As of midnight, Lithuanian border control stopped 11 Russian citizens from entering the country, the Lithuanian Interior Ministry reported. This comes after the prime ministers of four of the five Baltic nations bordering Russia — Poland, Estonia, Latvia, and Lithuania — agreed earlier this month to stop admitting Russian citizens, a move in support of Ukraine.
Going forward, Russians traveling for tourism, culture, sport or business purposes, even if they hold a valid visa, will be denied entry to the four nations. In a tweet, Latvian Foreign Minister Edgars Rinkevics said he reiterated his proposal to impose an EU tourist ban for Russian citizens.
In May, the European Union tightened travel restrictions on Russian officials and businesspeople and banned all flights from Russia, leaving only rail and road links. While not sharing a border with Russia, the Czech Republic was one of the first EU countries to stop issuing visas to Russian citizens, imposing the restriction the day after Russia's February 24 invasion of Ukraine.
However, the most recent ban exempts holders of EU residence cards, family members of EU citizens, those with humanitarian cases, serving diplomats, transportation employees and Russian dissidents or long-stay national visa holders.
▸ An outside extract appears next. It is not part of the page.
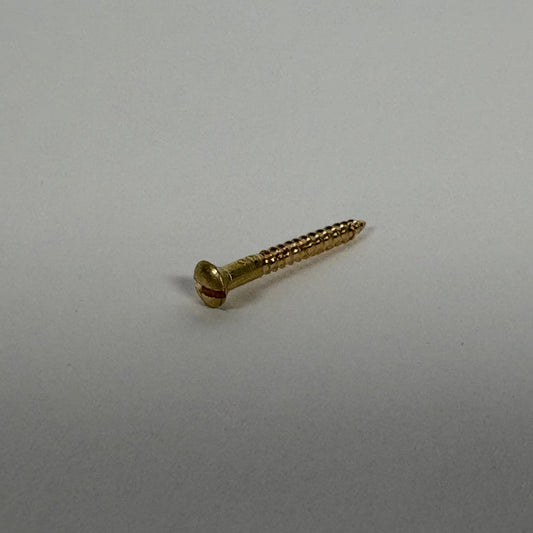 #2 Oval Head, Slotted, Solid Brass Wood Screw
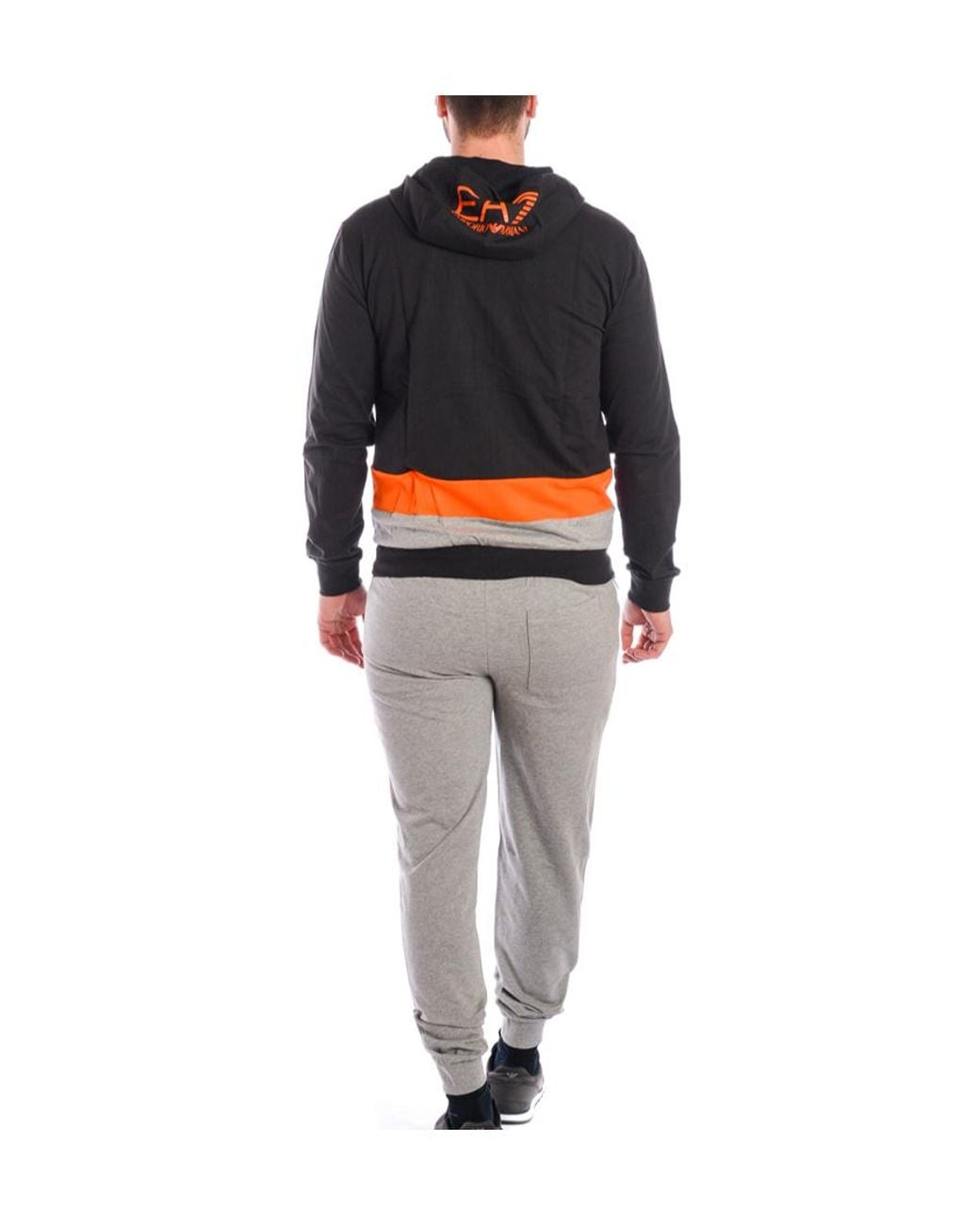 EA7 Black Zip-Up Hoodie And Pants Two-Piece Set for men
Andrzej Romanczuk, a Polish citizen, told The Associated Press that regions on both sides of the borders would suffer economically because border traffic drives local trade.
Bordering countries cannot stop Russians from entering their countries via another third nation, such as Finland, which despite bordering Russia, decided to keep its borders open.
"There is a loophole, and the loophole is Finland," Estonian Prime Minister Kaja Kallas told Reuters, adding that as a result, the travel restrictions are not entirely effective but still better than nothing.
Some information for this report was provided by the Associated Press and Reuters.